Other considerations

Microsoft Copilot Studio is a platform to build and run copilots in a low-code graphical environment. While it allows for quick prototypes, the low-code aspect prevents abstracting the environment to apply to other customers. It does have analytics out-of-the-box.
Guardrails AI is an open source library for structural and type validation and corrections. They recently released a platform with modules that need a bit more research to see if it fits our needs.
LMQL is a programming language for LLMs. It combines templating in Python with templating in LLM calls and responses for structured output
Outlines also focuses on generating structured output
Guidance is another library for structured output but focuses on efficiency through constraining output
Instructor is yet another structured output library but leveraging Pydantic
Prompt Security is SaaS for generative AI security
More SaaS providers on AI Security

Evaluation

When building and deploying LLM-based chatbots, one aspect that shouldn’t be overlooked is evaluation. How do the different layers of guardrails impact the reliability of our chatbot? What can we test ahead of time? When we find a gap or vulnerability, how confident are we in fixing it and not breaking something else?
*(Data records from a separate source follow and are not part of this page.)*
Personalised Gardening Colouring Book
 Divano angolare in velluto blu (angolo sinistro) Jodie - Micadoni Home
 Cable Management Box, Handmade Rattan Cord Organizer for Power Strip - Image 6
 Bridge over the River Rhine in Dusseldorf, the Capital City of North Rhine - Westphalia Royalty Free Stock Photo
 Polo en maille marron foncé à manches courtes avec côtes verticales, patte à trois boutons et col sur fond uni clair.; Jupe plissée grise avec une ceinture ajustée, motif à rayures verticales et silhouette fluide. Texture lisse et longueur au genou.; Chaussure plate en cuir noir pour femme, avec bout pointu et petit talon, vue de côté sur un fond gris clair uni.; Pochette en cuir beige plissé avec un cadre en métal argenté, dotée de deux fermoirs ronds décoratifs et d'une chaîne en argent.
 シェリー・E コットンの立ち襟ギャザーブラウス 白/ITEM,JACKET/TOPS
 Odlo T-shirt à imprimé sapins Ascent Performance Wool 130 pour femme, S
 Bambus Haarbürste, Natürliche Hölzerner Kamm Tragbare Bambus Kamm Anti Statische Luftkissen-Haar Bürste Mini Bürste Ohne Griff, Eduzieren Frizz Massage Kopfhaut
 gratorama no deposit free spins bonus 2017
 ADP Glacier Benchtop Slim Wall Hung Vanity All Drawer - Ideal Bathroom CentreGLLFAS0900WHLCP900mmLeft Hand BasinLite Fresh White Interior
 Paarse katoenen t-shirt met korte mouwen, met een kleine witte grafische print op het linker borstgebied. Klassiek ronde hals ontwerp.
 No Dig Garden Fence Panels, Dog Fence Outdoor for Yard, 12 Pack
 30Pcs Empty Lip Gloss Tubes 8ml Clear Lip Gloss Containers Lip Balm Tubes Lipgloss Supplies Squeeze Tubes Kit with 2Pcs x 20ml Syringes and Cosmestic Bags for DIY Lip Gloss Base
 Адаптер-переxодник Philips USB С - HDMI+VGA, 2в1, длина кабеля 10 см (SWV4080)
NeMo provides an evaluation tool and red-teaming interface to help streamline evaluation.

We also need to evaluate the chatbot based on performance - including accuracy, fluency, coherence and relevance. This will include automated and human evaluation. Creating the test set and scenarios, continuously evaluating, monitoring and improving is necessary to uphold the highest standards for customer satisfaction.

Every domain vertical will require its own test set. Each customer will require a further specialization. While it presents additional challenges, it’s also an opportunity to provide the most robust and reliable system to our customers.

Monitoring

On the chat level, all conversations will be accessible through an admin panel. Future iterations can include customer service representatives joining the conversation as needed.

Internally, all LLM calls will be instrumented and monitored. We know some major LLM providers have inconsistent response times and chaining multiple guardrails can lead to long latency. This will be a trade-off we will continually monitor.

Timeline

For the prototype, we’re aiming for a 6-8 week release, running in 2 week sprints.

Roughly, we want to spend 50% on building the chatbot and 50% on evaluation and monitoring.

Week 1-2: Requirements gathering and planning. Building.
Week 3-4: Building.
Week 5-6: Evaluation.
Week 7-8: Monitoring.

Out of Scope

RAG functionality. NeMo plays well with RAG implementations but will require more time to experiment and test out embeddings, infrastructure, and retrieval. This could be added but requires a bit more research.
LangChain or LlamaIndex. LangChain and LlamaIndex are popular LLM frameworks. We don’t plan on using these since NeMo works well without an additional framework. NeMo does fit well into LangChain Chains if we decide to add LangChain.